- _Problem requirements_: The lines below, from the one holding "Snapshot of freyadak" through the one holding "Green long sleeve top. High low style.", are to be restated word for word, with all images left out.

Short descriptive text snippets:
====
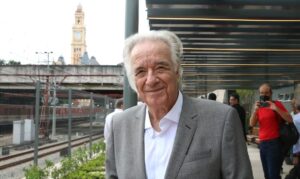 Na Mesa com Datena recebe maestro João Carlos Martins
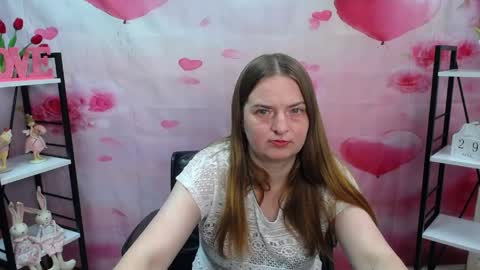 Snapshot of freyadak chatting on April 2026 06:03:02 PM FreyaDak online show from April 2026 06:03:02 PM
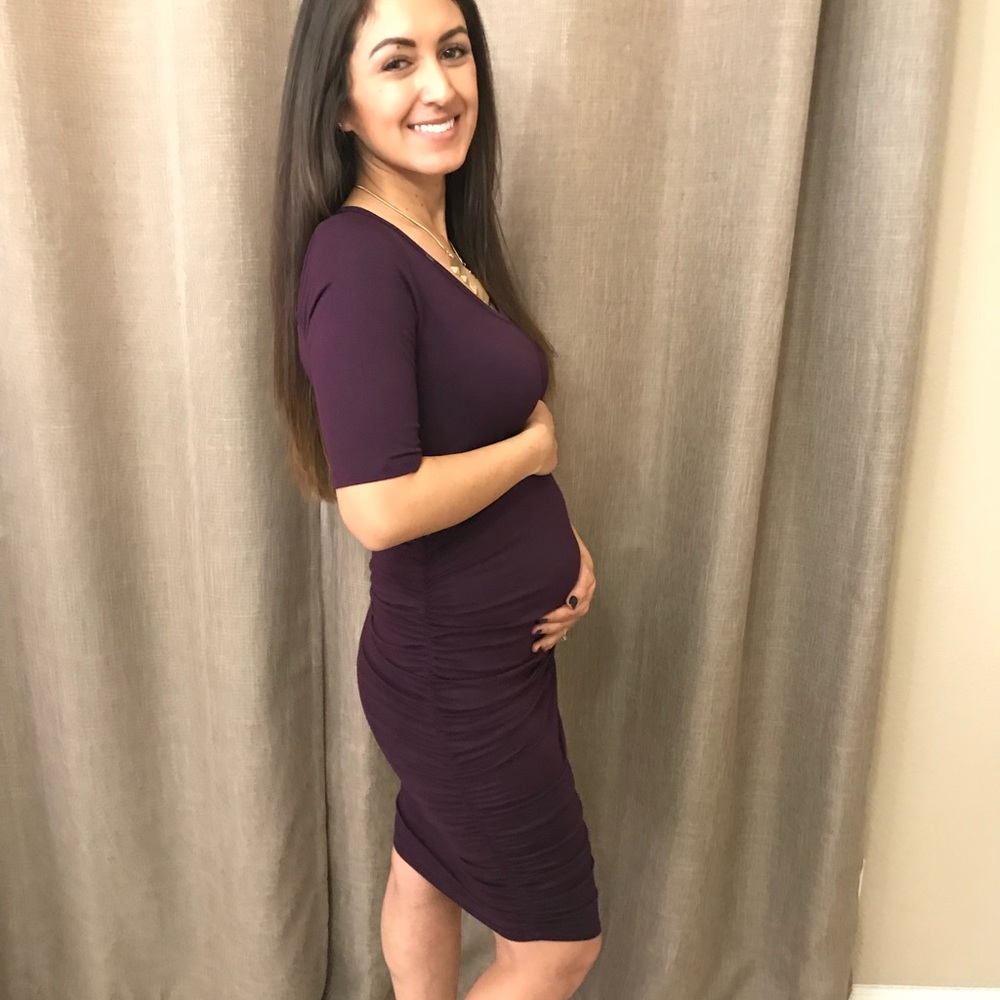 Quarter sleeve knee length maternity dress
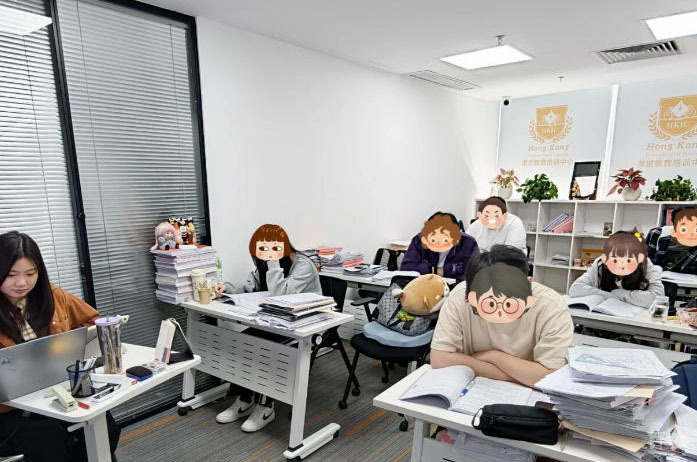 深圳港世教育DSE_学员上课场景2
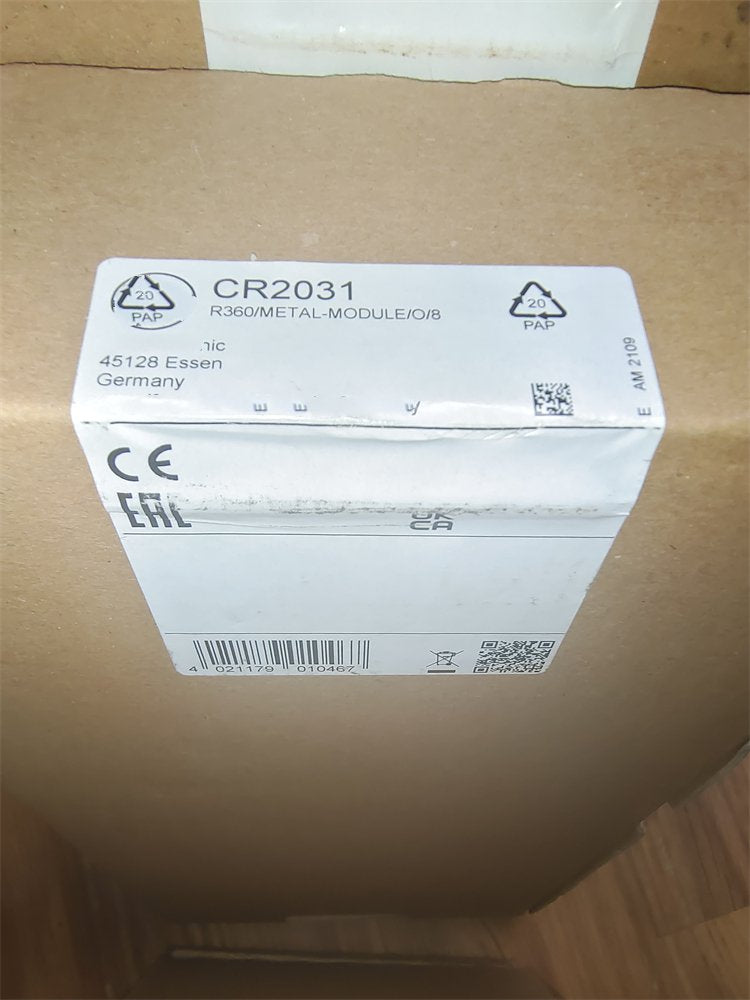 1 PCS NEW   CR2031   #OYF033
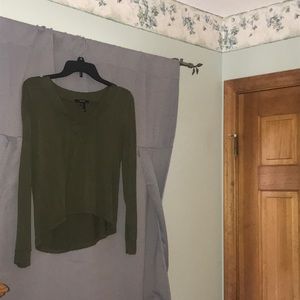 Green long sleeve top. High low style.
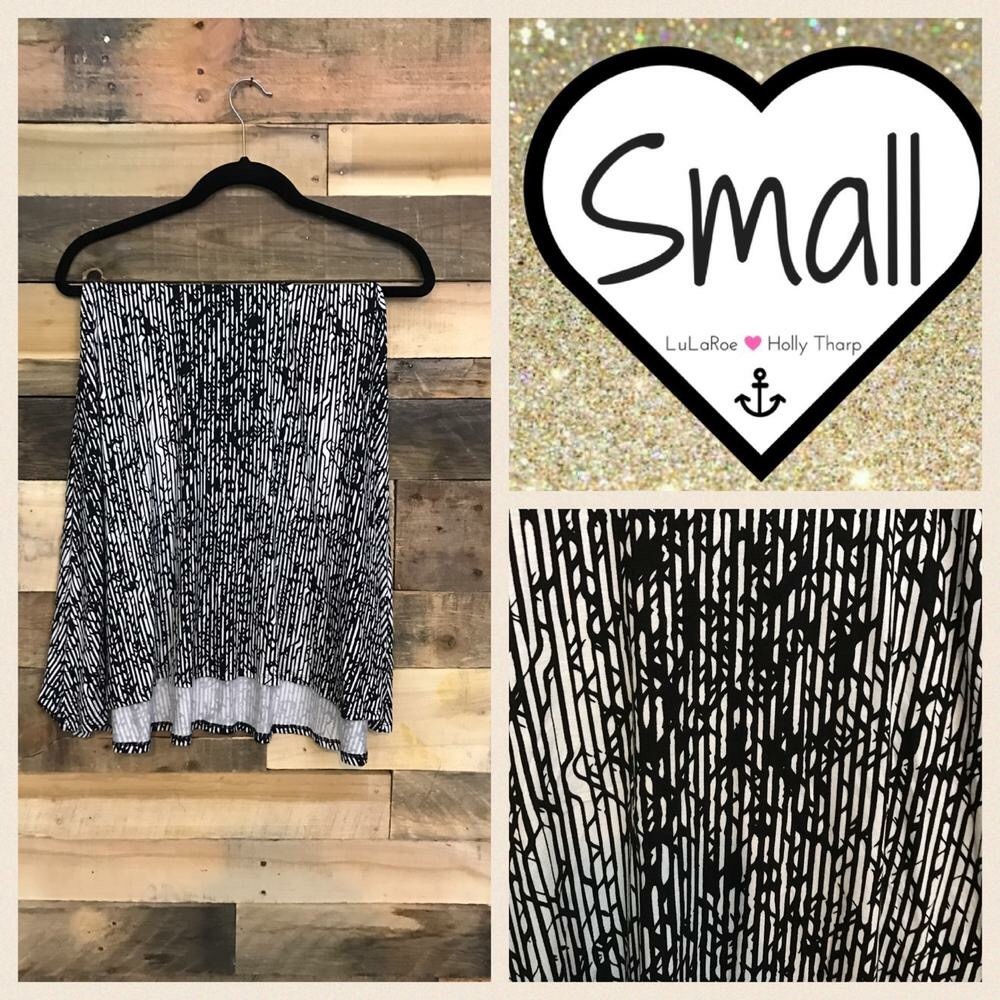 Small LuLaRoe Azure skirt NWT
====
- _Solved exercise_:
 Snapshot of freyadak chatting on April 2026 06:03:02 PM FreyaDak online show from April 2026 06:03:02 PM
 Quarter sleeve knee length maternity dress
 深圳港世教育DSE_学员上课场景2
 1 PCS NEW   CR2031   #OYF033
 Green long sleeve top. High low style.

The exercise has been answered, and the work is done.